Kendisi CHP’ye geçince ilk cümlesi “Bugün 40 yıllık geçmişimi geride bırakarak, CHP adayı olmamla, geride kalan bütün tartışmalar bitecektir. Örgütle birlikte, el ele çalışarak Ankara’yı kazanacağız.” olmuştu. MHP’ye CHP üzerinden o sözleri dedikten sonra artık “MHP’liyim, Ülkücüyüm” demesinin imkânı olmayacağını kendisi bildiği için, “Bugün 40 yıllık geçmişimi geride bırakıyorum” demek zorunda kalmıştı. Geçmişte de ideolojisi yerine oturan biri olsa da köprüleri sol partiye geçerek tamamen atmıştı. Hem de şimdi HDP desteğiyle seçilen başkan olarak tarihe geçmiştir.
O yüzden şimdi böyle birini “Ülkücü başkan kazandı”, “Mansur Yavaş Ülkücüleri göreve getiriyor” diye pazarlayan ahmaklara şunu hatırlatmak lazımdır. “Göreve getirilen Ülkücü” dedikleriniz 2014 yılından bu yana oyunu CHP’ye veren, CHP’den meclis üyesi olan, CHP üyeleridir. Yani Mansur Yavaş gibi CHP’nin başarısı için devşirilmiş kişilerdir.
PKK destekli CHP’den başkan olanlar, ona destek verenler gittiğiniz yerin kimliğini kullanacak kadar şerefiniz, namusunuz olsun… Bir gün olsun CHP’nin PKK ilişkisine laf söylemeyip, bir de bu propagandaları yapanlar şeref yoksunlarıdır.
Mansur Yavaş’ı oldukça çok zor günler bekliyor.
Sahte senet, tehdit, şantaj, yargıda çete kurma ve gizliliği olan bazı bazı dosyalardan dolayı köşeye sıkışacağı süreç başlıyor. Alenen işlenmiş, kendinin de kabul ettiği suçlardan dolayı elbette sıkıntı yaşayacaktır. Belediye meclis üyelerinin çoğunluğunun Cumhur ittifakında olması bile ona büyük yük olacaktır.
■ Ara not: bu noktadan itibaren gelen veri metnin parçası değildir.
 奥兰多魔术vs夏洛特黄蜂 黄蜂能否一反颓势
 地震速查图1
Dün medyaya düşen şu haber metni bile bunu anlatmaya yeterlidir : Toplantı daha sonra Meclis 1. ve 2. Başkanvekili seçimleriyle devam etti. AK Parti ve MHP ortak önerge sunarak 1. Meclis Başkanvekili olarak Fatih Ünal’ı, 2. Meclis Başkanvekili olarak da Mehmet Yıldız’ı önerdi. CHP ise Meclis 1. Başkanvekili olarak Haydar Demir’i, Meclis 2. Başkanvekili olarak da Muzaffer Kara’yı aday gösterdi. Aday göstermeyen İyi Parti, CHP adaylarına destek verdi. Mecliste yapılan seçimde 148 oyun 108’ini alan Fatih Ünal ile Mehmet Yıldız Meclis 1.ve 2. Başkanvekili olarak seçildi. Yine Meclis Divanı için seçilen katip üyeler de Cumhur İttifakı’nın önerdiği isimlerden seçildi.
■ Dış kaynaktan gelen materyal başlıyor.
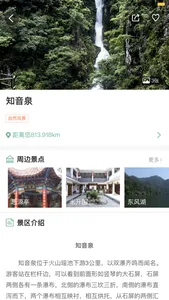 云游三百山 screenshot 2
Mansur Yavaş, sahte senet ve benzeri suç dosyaları üzerinden kambur taşıyor. Seçim sürecinde bu durum pek anlaşılamadı. Çünkü tam anlatılamadı. Seçime 2-3 hafta kala bu durumun kullanılması sanki Mansur Yavaş’ı önlemek için iftira gibi algılandı. Oysa Türkgün sahte senet, tehdit ve şantaj olaylarını haber yaptığında Mansur Yavaş CHP adayı bile değildi. Yargıda kurulan çeteyle ilgili görseller bilgiler dahi kullanılmadı. Yani bu hamur daha çok su kaldıracaktır.
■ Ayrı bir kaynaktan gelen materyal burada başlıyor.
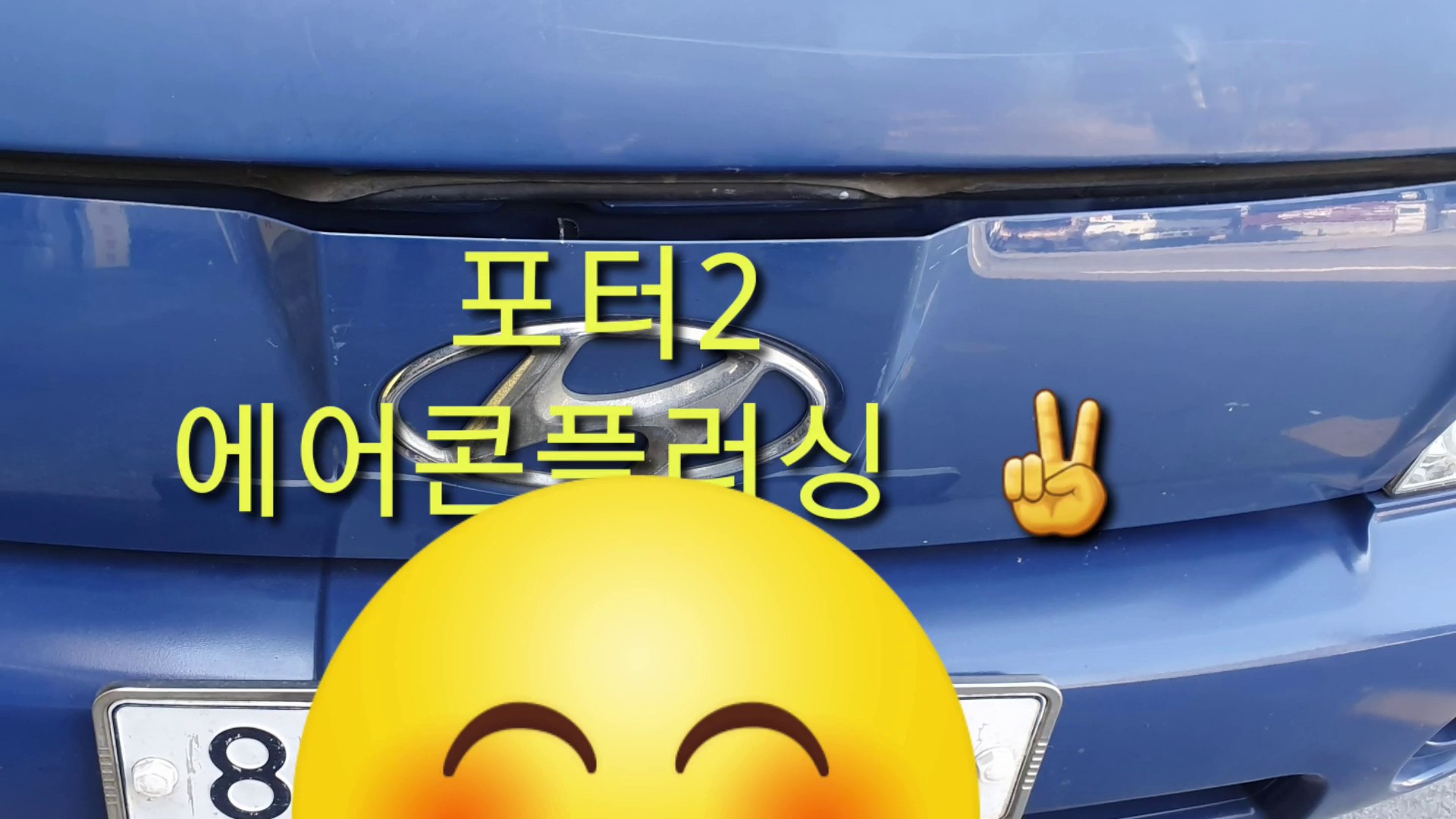 부산 개인택시 관리짱 연일카센타 | 밴드 포터2  ㆍ에어콘플러싱✌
3 milyon sahte senet davasından 500 bin TL ceza almış ve davası devam eden Mansur Yavaş Ankara Büyükşehir Belediyesinde gerçekleşen ilk meclis toplantısında “Şahsen en büyük arzum, görevi bıraktığımda, arkamda hem ‘herkesin başkanıydı’ diye anılabilmek hem de ‘akçeli işlere bulaşmadı, kimseyi de bulaştırmadı’ dedirtebilmek. “ cümlesini kurmuş… Güler misin, ağlar mısın?
Böyle birine karşı yazdıklarım için buna “takıntı” diyorsanız. Hadi öyle olsun. Takıntım var.
Rol yapmayacak, neyse o olacak…
Birilerine mektup yazdırıp MHP’ye yapılmak istenen operasyonda figüran olmayacaktı.
Ülkücü maskesi takıp, PKK destekli bir CHP’nin mensubu olmayacak.
“Dürüst adamım, hukukçuyum” deyip cinsel kaset ve görüntüler üzerinden yargıdaki adamlarıyla şantaj, tehdit işine girmeyecek…
O yüzden Ankara’da takipte olmayı sürdüreceğiz.
PKK destekli CHP’ye, MHP ve Ülkücü kimliğini pazarlamaya kalkanlarla mücadelemiz sürecektir.